Jen McDaneld teaches American literature and core curriculum courses in the English department at the University of Portland, where she is also coleading a new public humanities program. Her research focuses on suffrage literature, US women's rights movements, and feminist pedagogy, with essays recently published in Legacy: A Journal of American Women Writers, Signs: Journal of Women in Culture and Society, and Feminist Teacher.

Lisa Nienkark is professor of reading in the Integrated English Department at Lansing Community College, where she currently teaches integrated reading and writing courses. She has more than thirty years of teaching experience at postsecondary institutions in the United States and abroad.

Alisa Russell is an assistant professor of English at Wake Forest University. Her areas of interest include rhetorical genre studies, public writing, and writing across the curriculum, and her research focuses on increasing community access through writing and writing innovations. Alisa's work has appeared in journals including Composition Forum, The WAC Journal, and The Clearing House, and she currently serves on the Executive Committee of the Association for Writing across the Curriculum.
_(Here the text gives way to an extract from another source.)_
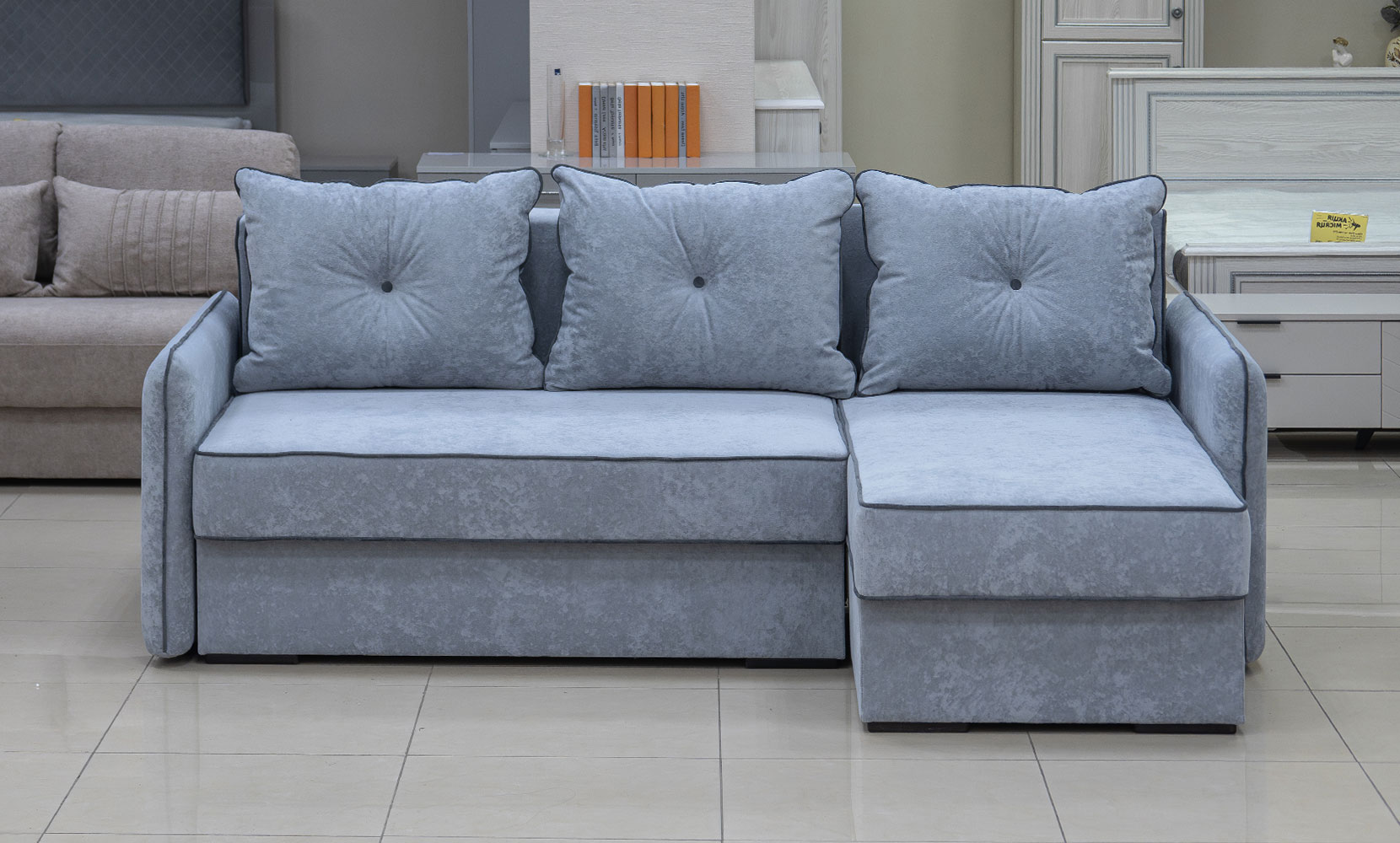 Кутовий диван Верона ПР(Г) king 8 dove/11 grafit/горіх91 - фото 3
Patrick Sullivan teaches English at Manchester Community College in Manchester, Connecticut. He is the 2011 recipient of the Nell Ann Pickett Service Award for outstanding service to the two-year college. He is the author of A New Writing Classroom and Economic Inequality, Neoliberalism, and the American Community College (2017). He is editor of 16 Teachers Teaching (2020) and coeditor, with Howard Tinberg, of What Is "College-Level" Writing? (2006) and, with Howard Tinberg and Sheridan Blau, of What Is "College-Level" Writing? Volume 2 (2010) and Deep Reading: Teaching Reading in the Writing Classroom (2017), which was awarded the 2019 CCCC Outstanding Book Award for Edited Collection.

Missy Watson is assistant professor at City College of New York (CUNY), where she teaches undergraduate and graduate courses in composition, pedagogy, language, and literacy. Her research lies at the intersection of composition and second-language writing and revolves around seeking social and racial justice. Her recent publications can be found in the Journal of Basic Writing, Basic Writing e-Journal, Composition Forum, Composition Studies, and the Journal of Second Language Writing.

Sarah Weiger is associate professor of English and environmental studies at the University of Portland. She teaches the courses Nineteenth-Century British Literature, Environmental Literature, and Literature and Posthumanism, as well as courses in introductory literature. Her courses feature literary engagements with the nonhuman, as well as texts of all kinds that grapple with environmental challenges and climate change.

Stephanie White is a writing and multimodal communication specialist at the University of Waterloo's Writing and Communication Centre, where she oversees two peer tutoring programs. Previously, Stephanie taught and consulted on writing and communication courses across the disciplines.